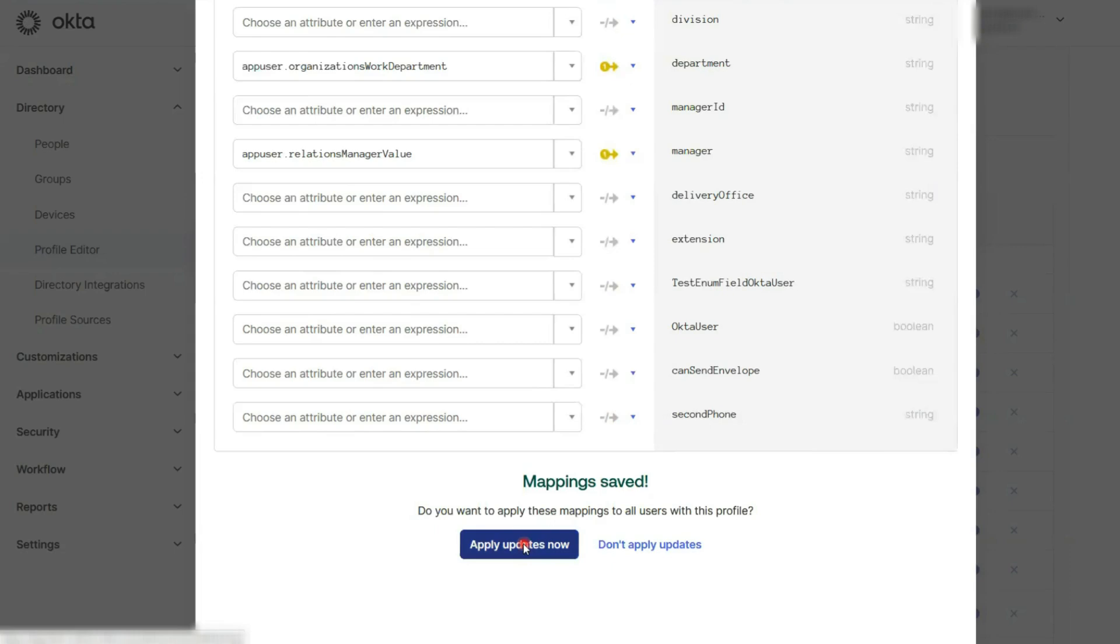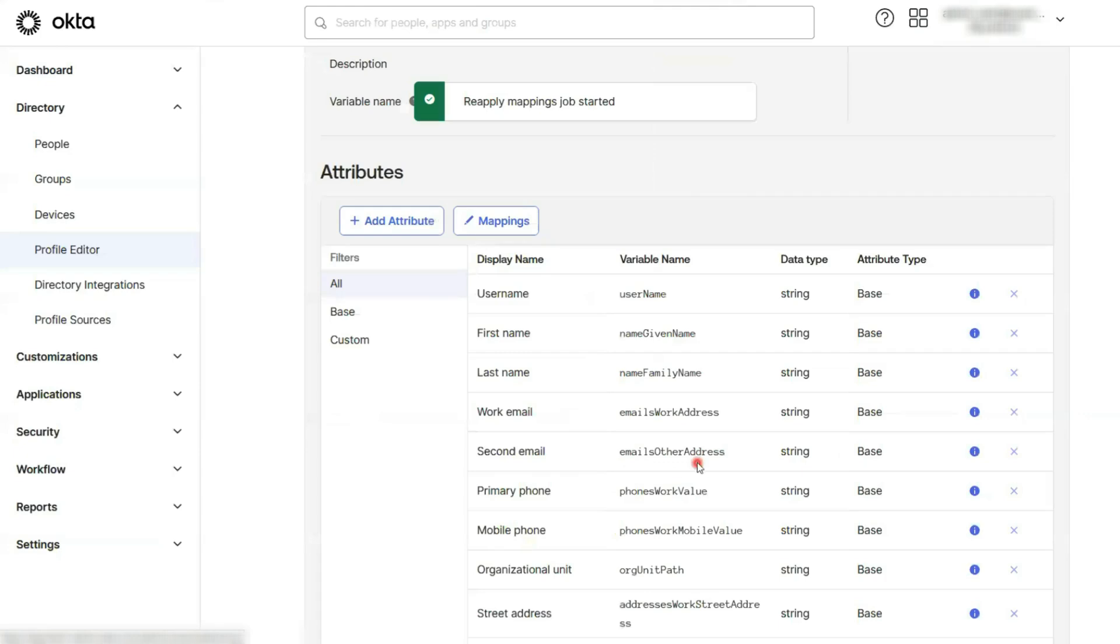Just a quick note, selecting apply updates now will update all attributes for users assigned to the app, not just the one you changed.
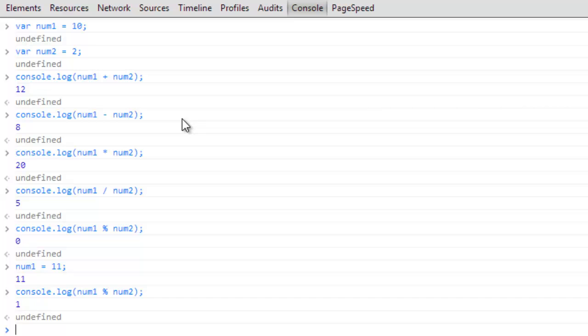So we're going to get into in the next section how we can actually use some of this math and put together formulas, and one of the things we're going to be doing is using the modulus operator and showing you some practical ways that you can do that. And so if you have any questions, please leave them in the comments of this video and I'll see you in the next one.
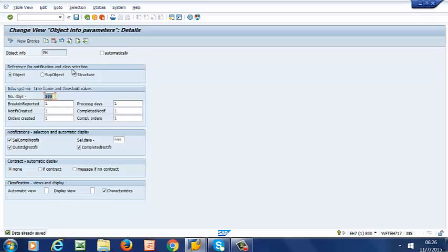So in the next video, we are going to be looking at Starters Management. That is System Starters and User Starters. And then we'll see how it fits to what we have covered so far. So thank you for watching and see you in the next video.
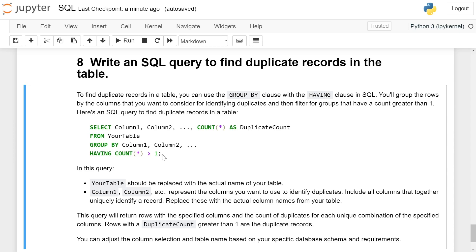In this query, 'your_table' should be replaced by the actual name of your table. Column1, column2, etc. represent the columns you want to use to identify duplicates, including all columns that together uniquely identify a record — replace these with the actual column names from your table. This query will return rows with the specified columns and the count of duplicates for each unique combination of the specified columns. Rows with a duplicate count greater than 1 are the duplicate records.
----------
[EXERCISE DETAILS]
Reproduce the data above in full, exactly, with the images removed.

[EXERCISE RESULT]
Just a quick note, selecting apply updates now will update all attributes for users assigned to the app, not just the one you changed.
So we're going to get into in the next section how we can actually use some of this math and put together formulas, and one of the things we're going to be doing is using the modulus operator and showing you some practical ways that you can do that. And so if you have any questions, please leave them in the comments of this video and I'll see you in the next one.
So in the next video, we are going to be looking at Starters Management. That is System Starters and User Starters. And then we'll see how it fits to what we have covered so far. So thank you for watching and see you in the next video.
In this query, 'your_table' should be replaced by the actual name of your table. Column1, column2, etc. represent the columns you want to use to identify duplicates, including all columns that together uniquely identify a record — replace these with the actual column names from your table. This query will return rows with the specified columns and the count of duplicates for each unique combination of the specified columns. Rows with a duplicate count greater than 1 are the duplicate records.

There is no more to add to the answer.